Так вот, тем удивительнее и замечательнее, что еврей Гершензон нашел в себе силы преодолеть искушение суда и осуждения тем старым московским жильцам, столь для него далеким и чуждым, и нашел правду в том, чтобы взглянуть на прошлое с другой точки зрения – с точки зрения общечеловеческого сочувствия (которое, впрочем, может быть страшнее всякого человеческого суда!).

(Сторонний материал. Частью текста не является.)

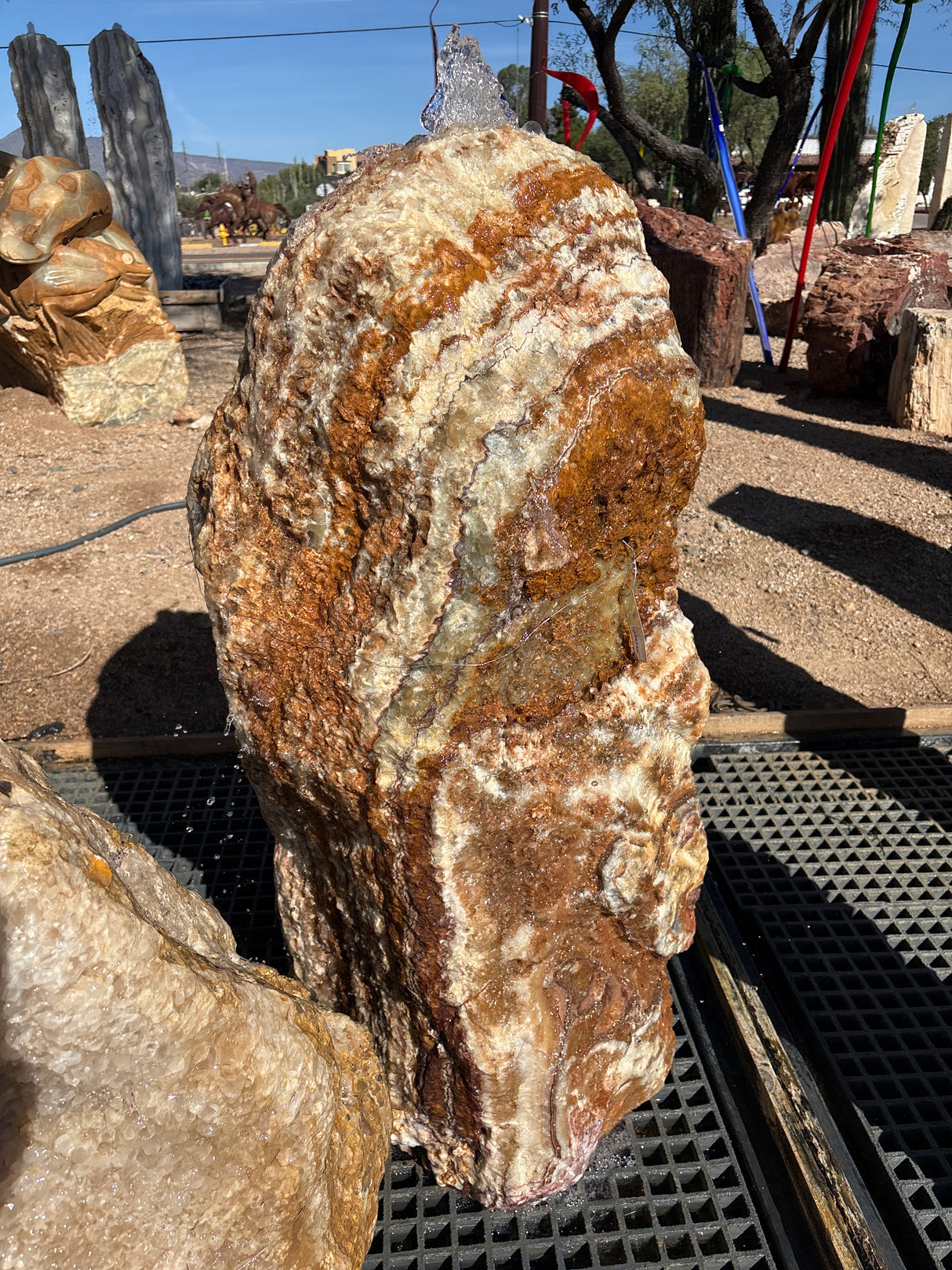 Aqua Onyx Fountain - Boulder With 1 Cut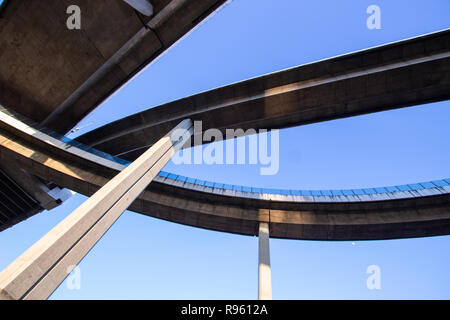 Lo sfondo del trasporto di complessità Expressway bridge Foto Stock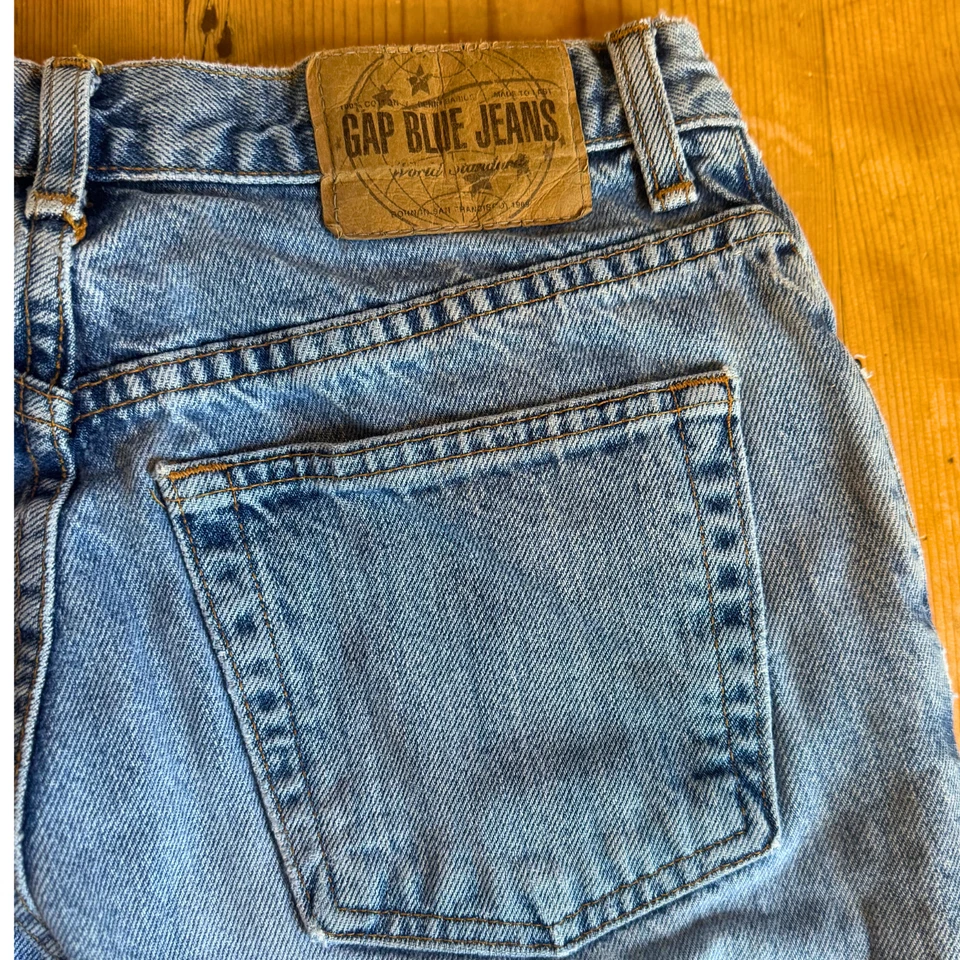 Vintage GAP Blue Jeans Original Fit 6 Regular Light Wash USA 90s Denim - Image 3 of 4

Удивительно и замечательно это потому, что всякий раз, как возникает потребность ударить словом тот легкомысленный, слепой и безбожный уклад жизни самодовольных и пресыщенных людей, ниоткуда не почерпнуть нужного слова, кроме Псалтыря и Пророков! «Им нет страданий до смерти, и крепки силы их; в трудах человеческих их нет, и вместе с прочими людьми они не принимают на себя ран! Оттого гордость, как ожерелье, обложила их; и дерзость, как наряд, одевает их. Выкатились от тука очи их, и бродят помыслы в сердце их! Надо всеми издеваются, разглашают клевету, говорят свысока. Поднимают до небес уста свои, и язык их разгуливает на земле! Туда же обращается народ Божий и пьет воду полною чашею. Дочери их удобрены, преукрашены, точно какие храмы. Сердце их суетно, отверстый гроб – гортань их! Я отпустил их по начинаниям сердец их, и вот они блуждают, каждый путем своим, по похоти сердца своего…» «В мыслях у них, что дома их вечны, и что жилища их в род и род, и земли свои они называют своими именами. Человек, попавший в почести, перестал понимать, приложился скотам несмысленным и уподобился им».

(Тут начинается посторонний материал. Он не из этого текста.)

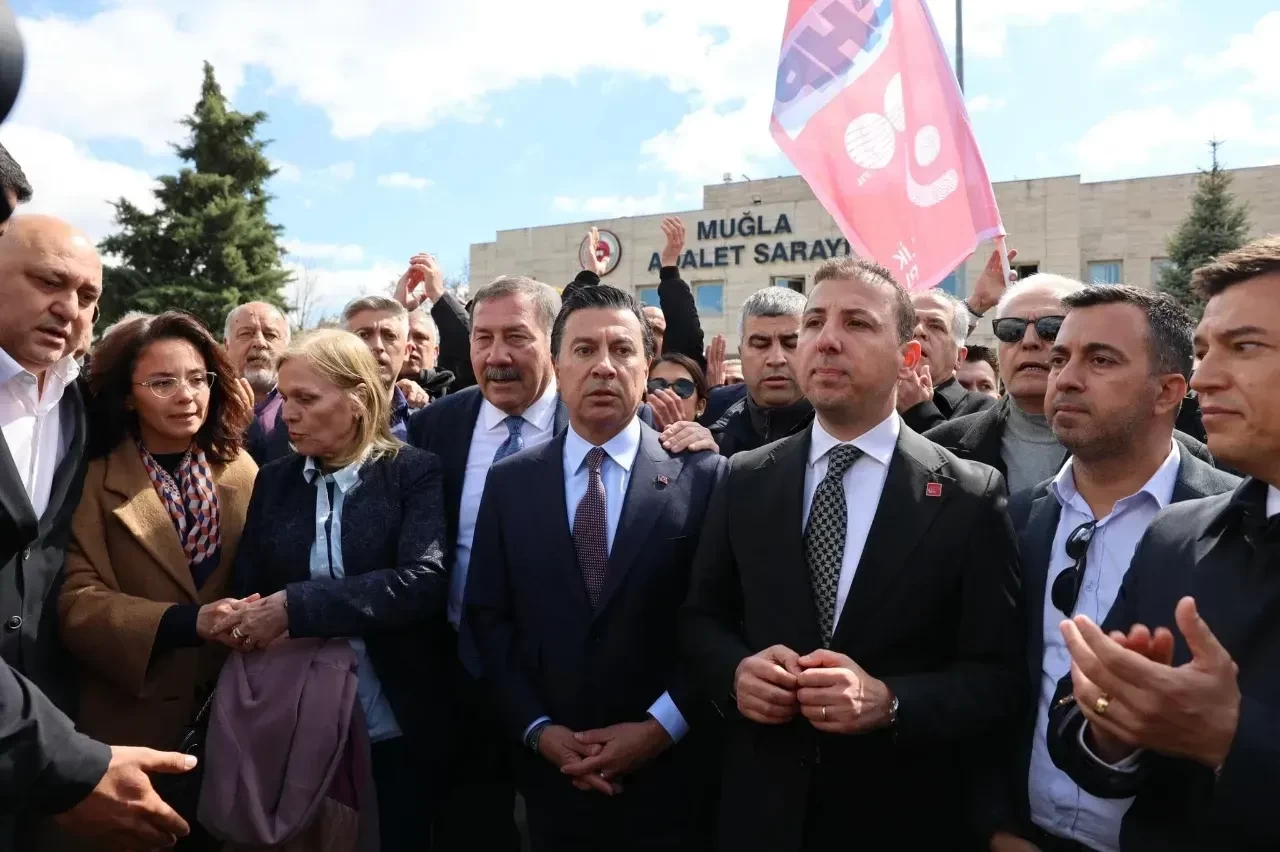 Başkan Aras'tan adliyedeki gerginlik açıklaması: "Bizim kahraman polisimizle, askerimizle herhangi bir sorunumuz olamaz"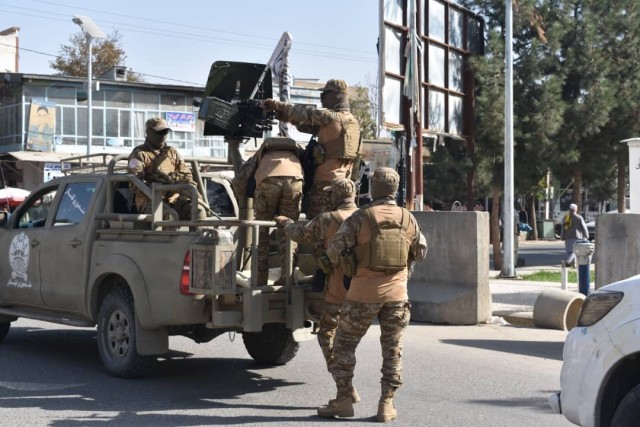 Талибы заявили о переброске бойцов спецназа на границу с Таджикистаном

Ни от кого другого, как из библейского еврея заимствовали слово и понимание наши староверы, народные мудрецы и все, убегавшие от «счастливых мира», когда видели и другим указывали, что легкомысленный быт и уклад жизни, на первый взгляд, такой «невинный», совсем не невинен – он был всегда и пребывает убийцей человека в человеке! Он несет в существе своем убийство, ибо он воспитывает нечувствие, сначала нечувствие к тому, что есть кругом, потом нечувствие к своим собственным поступкам и к их значению для братьев; наконец поругание, ненависть и смерть всем иным, кто не с ними и может служить для них живым обличением! И уж во всяком случае обличение библейского еврея «счастливых мира» глубже, проницательнее и бесконечно серьезнее, чем все Грибоедовско-Салтыковские разглагольствования! И вот вдруг, так неожиданно, Гершензон (идейно столь близкий библейскому еврейству!) находит такие мягкие, добрые, снисходительные тона, восстанавливая по отрывкам и памяткам ту шумно-бесшабашную жизнь глупо-горделивых, так чуждых ему людей! Конечно, это не сочувствие по интимному сродству, не идеализирование со стороны «своего» человека, как у Л. Н. Толстого! Ни в коем случае это не примирение и «терпимость» на противно-французский манер!